*Data excerpt*.
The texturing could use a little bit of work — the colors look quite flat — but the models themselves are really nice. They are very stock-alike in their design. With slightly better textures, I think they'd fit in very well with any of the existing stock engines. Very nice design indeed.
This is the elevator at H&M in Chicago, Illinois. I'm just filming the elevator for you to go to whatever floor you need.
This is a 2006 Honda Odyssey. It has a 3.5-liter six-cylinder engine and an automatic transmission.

*What this task involves*. A complete and exact reproduction of the data is needed.

*Finished exercise*.
The texturing could use a little bit of work — the colors look quite flat — but the models themselves are really nice. They are very stock-alike in their design. With slightly better textures, I think they'd fit in very well with any of the existing stock engines. Very nice design indeed.
This is the elevator at H&M in Chicago, Illinois. I'm just filming the elevator for you to go to whatever floor you need.
This is a 2006 Honda Odyssey. It has a 3.5-liter six-cylinder engine and an automatic transmission.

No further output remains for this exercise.